«Beati i poveri. Guai a voi, ricchi».

VI Domenica del Tempo Ordinario
«Beati i poveri. Guai a voi, ricchi».
Dal Vangelo secondo Luca (Lc 6,17.20-26)
In quel tempo, Gesù, disceso con i Dodici, si fermò in un luogo pianeggiante. C’era gran folla di suoi discepoli e gran moltitudine di gente da tutta la Giudea, da Gerusalemme e dal litorale di Tiro e di Sidone.
Ed egli, alzati gli occhi verso i suoi discepoli, diceva:
«Beati voi, poveri,
perché vostro è il regno di Dio.
Beati voi, che ora avete fame,
perché sarete saziati.
Beati voi, che ora piangete,
perché riderete.
Beati voi, quando gli uomini vi odieranno e quando vi metteranno al bando e vi insulteranno e disprezzeranno il vostro nome come infame, a causa del Figlio dell’uomo.
Rallegratevi in quel giorno ed esultate, perché, ecco, la vostra ricompensa è grande nel cielo.

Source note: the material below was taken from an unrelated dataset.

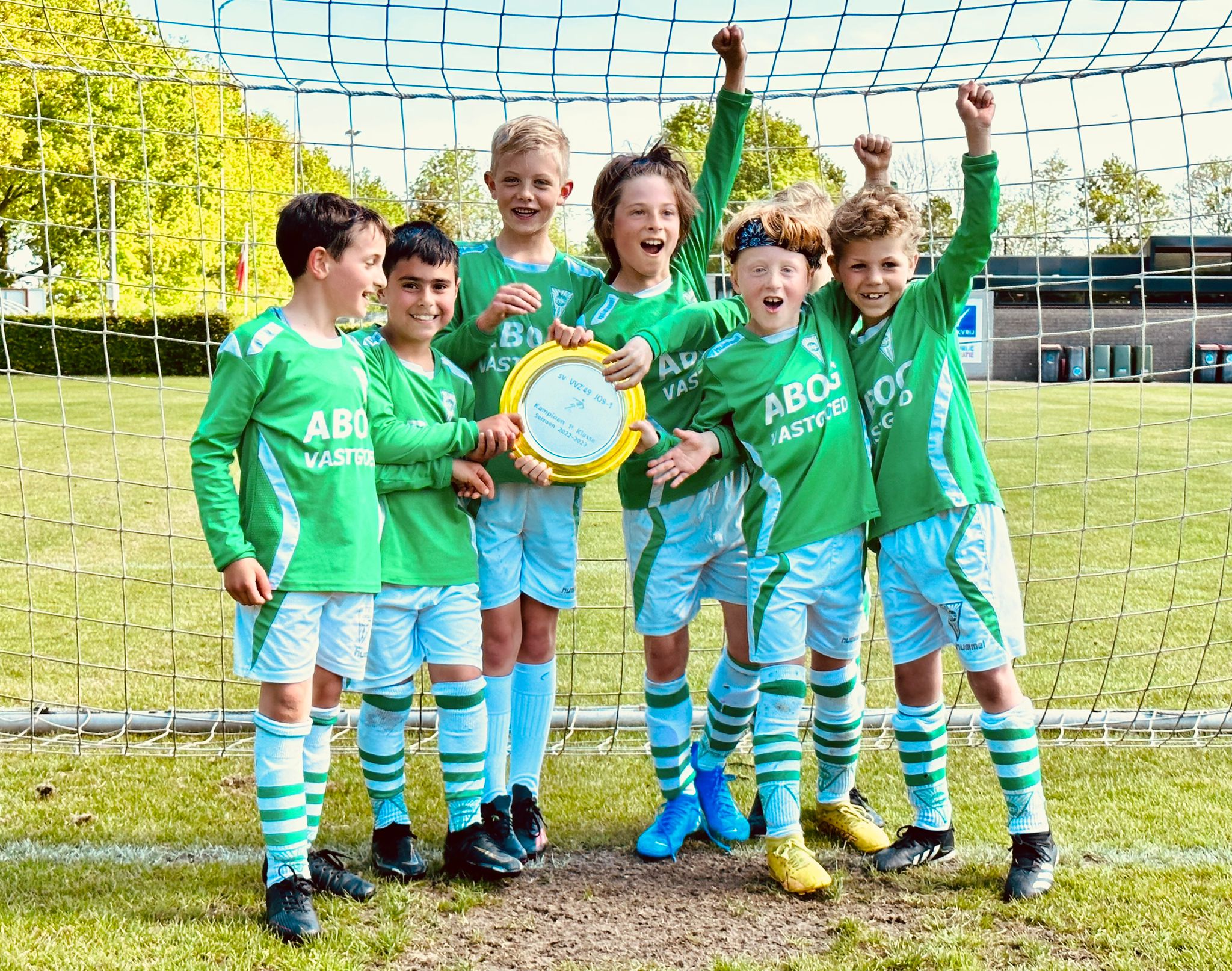 Galerij der Groten: J09-1 Kampioen!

Allo stesso modo infatti agivano i loro padri con i profeti.
Ma guai a voi, ricchi,
perché avete già ricevuto la vostra consolazione.
Guai a voi, che ora siete sazi,
perché avrete fame.
Guai a voi, che ora ridete,
perché sarete nel dolore e piangerete.
Guai, quando tutti gli uomini diranno bene di voi.
allo stesso modo infatti agivano i loro padri con i falsi profeti.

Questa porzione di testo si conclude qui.